What are the clinical features of a generalised secondary seizure?
Eye deviation to the right
Head deviation to the right
Right hand shaking
Gradual spread to both sides
TONIC: stiff, mouth open, eyes open, muscles are activated at the same time
CLONIC: individual spikes of activation of movement, big fast movements, relaxation and then more big fast movements. Amplitude grows but frequency decreases.
Staring into space, not really breathing properly.
What does it mean if a seizure is generalised?
both halves of the brain are doing the same thing (symmetrical). If it’s on both sides of the brain then both sides of the body are affected.
What are the clinical features of a partial seizure?
Different clinical features depending on which part of the brain is affected.. TEMPORAL Lip smacking Swallowing Slow movement of one hand Unconscious
FRONTAL
Awareness fully retained
No control of movements
What is syncope?
Paroxysmal event in which changes in behaviour, sensation and cognitive processes are caused by an insufficient blood or oxygen supplied to the brain.

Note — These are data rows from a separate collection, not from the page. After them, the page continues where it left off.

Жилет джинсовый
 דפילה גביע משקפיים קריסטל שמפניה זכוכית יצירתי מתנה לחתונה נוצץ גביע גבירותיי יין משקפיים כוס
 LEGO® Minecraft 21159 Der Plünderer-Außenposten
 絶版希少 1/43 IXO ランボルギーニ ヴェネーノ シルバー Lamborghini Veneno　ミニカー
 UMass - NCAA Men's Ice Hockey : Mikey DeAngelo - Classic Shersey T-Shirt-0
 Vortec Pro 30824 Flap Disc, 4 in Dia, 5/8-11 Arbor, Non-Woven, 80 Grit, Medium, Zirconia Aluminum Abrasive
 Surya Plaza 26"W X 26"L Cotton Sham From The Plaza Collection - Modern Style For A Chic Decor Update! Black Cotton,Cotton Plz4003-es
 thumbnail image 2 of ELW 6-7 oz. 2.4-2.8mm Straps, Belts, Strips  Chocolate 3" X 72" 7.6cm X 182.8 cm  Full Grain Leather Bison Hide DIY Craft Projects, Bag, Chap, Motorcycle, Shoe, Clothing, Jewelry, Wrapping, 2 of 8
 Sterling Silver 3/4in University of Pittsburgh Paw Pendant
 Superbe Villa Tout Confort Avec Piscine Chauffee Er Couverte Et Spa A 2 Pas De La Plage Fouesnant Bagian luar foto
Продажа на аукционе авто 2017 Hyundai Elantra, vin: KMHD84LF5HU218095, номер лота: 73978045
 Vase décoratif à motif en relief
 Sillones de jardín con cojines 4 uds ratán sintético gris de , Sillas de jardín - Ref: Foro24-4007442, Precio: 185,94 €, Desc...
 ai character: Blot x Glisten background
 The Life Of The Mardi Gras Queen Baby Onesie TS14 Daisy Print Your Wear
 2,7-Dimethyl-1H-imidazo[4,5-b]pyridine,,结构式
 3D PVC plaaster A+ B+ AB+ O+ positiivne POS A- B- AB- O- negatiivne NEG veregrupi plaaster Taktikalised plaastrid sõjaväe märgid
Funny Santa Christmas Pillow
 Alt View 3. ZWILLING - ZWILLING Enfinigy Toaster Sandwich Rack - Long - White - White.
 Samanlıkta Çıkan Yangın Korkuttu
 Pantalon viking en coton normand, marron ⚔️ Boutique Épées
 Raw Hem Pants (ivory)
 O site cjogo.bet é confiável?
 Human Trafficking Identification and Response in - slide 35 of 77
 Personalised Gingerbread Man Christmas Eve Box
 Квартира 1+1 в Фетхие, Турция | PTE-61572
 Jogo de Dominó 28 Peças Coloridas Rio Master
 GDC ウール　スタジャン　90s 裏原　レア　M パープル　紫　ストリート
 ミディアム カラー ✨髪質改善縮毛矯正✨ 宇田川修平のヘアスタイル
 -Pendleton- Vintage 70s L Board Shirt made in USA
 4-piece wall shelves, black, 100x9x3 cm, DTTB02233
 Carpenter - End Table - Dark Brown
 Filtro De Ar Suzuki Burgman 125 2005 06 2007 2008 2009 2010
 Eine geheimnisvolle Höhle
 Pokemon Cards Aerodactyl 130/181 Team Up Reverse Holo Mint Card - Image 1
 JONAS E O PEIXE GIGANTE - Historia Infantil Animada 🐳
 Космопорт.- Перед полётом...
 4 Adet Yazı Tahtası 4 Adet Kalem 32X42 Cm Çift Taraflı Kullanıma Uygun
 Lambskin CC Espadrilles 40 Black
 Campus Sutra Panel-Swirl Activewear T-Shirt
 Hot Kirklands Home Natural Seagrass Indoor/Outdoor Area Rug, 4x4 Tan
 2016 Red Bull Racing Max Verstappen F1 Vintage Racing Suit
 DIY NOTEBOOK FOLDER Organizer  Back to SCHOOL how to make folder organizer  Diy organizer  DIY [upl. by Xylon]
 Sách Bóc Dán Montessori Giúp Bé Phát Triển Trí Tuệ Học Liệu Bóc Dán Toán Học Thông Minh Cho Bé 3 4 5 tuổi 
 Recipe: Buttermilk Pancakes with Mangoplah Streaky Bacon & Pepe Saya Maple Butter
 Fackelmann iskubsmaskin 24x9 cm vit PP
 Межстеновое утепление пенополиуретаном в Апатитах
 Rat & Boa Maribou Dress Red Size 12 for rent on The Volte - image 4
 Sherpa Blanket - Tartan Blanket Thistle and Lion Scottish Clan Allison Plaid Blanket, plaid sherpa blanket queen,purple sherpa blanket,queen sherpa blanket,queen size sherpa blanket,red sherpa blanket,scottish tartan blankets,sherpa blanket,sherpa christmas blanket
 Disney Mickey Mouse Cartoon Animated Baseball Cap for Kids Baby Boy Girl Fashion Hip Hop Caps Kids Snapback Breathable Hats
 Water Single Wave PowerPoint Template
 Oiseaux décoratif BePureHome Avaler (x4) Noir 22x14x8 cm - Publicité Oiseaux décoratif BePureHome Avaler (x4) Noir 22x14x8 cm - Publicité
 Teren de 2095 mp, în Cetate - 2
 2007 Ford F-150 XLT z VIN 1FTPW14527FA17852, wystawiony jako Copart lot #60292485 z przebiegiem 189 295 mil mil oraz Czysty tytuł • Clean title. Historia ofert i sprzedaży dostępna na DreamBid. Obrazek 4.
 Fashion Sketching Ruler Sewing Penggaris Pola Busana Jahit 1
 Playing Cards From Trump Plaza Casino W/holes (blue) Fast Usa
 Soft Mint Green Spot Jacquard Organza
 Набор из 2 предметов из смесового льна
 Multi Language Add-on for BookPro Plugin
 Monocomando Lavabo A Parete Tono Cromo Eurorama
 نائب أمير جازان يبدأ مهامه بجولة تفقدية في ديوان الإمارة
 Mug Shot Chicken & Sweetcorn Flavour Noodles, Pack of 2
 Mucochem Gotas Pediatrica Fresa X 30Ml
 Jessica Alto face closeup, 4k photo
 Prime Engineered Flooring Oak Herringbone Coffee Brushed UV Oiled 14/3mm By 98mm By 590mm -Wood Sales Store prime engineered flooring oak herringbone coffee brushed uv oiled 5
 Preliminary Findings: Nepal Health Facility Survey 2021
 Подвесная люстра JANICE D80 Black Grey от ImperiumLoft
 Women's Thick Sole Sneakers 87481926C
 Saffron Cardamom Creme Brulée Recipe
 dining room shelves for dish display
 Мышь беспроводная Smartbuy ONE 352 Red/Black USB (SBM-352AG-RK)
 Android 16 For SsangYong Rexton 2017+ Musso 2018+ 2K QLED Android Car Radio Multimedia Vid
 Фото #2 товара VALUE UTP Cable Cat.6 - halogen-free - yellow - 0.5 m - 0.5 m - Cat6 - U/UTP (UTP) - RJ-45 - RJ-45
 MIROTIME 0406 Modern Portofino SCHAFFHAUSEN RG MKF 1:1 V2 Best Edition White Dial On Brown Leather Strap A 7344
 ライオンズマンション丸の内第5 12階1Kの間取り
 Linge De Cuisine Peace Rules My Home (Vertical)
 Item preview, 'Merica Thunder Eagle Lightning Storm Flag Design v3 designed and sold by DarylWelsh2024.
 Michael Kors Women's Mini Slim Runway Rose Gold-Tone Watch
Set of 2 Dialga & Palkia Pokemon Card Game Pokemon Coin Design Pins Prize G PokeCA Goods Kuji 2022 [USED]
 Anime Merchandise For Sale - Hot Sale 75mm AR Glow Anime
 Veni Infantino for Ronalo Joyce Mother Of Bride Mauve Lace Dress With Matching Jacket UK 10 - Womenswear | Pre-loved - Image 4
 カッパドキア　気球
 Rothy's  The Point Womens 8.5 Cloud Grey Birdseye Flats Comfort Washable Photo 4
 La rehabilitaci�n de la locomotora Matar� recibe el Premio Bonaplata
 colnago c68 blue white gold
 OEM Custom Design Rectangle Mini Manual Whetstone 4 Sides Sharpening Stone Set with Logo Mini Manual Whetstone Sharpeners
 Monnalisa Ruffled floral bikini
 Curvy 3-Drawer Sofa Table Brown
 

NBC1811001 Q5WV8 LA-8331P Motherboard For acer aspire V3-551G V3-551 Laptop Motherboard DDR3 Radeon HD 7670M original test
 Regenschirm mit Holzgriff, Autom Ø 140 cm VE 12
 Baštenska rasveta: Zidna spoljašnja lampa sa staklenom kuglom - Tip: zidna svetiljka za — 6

What are the clinical features of syncope?
Situational
Typically from sitting or standing
Rarely from sleep
Presyncopal symptoms - seeing stars over the whole visual field, vision may go black, distorted sound, dizzy and light-headed
Duration 3-30 seconds
Recovery within 30 seconds
Cardiogenic syncope: less warning, history of heart disease
What is vasovagal syncope?
You faint because your body overreacts to certain triggers, such as the sight of blood or extreme emotional distress. It may also be called neurocardiogenic syncope. The vasovagal syncope trigger causes your heart rate and blood pressure to drop suddenly.
What is a Non-epileptic seizure (dissociative)?
Paroxysmal event in which changes in behaviour, sensation and cognitive function caused by mental processes associated with psychosocial distress.
People may not be able to recall what the distress was. May happen instead of a panic attack.
What are the clinical features of a Non-epileptic seizure (dissociative)?
Situational
Duration 1-20 minutes
Dramatic motor phenomena or prolonged atonia
Eyes closed
Ictal crying and speaking
Surprisingly rapid or slow postictal recovery
History of psychiatric illness, other somatoform disorder e.g. IBS, fibromyalgia
How would you differentiate between syncope and epilepsy?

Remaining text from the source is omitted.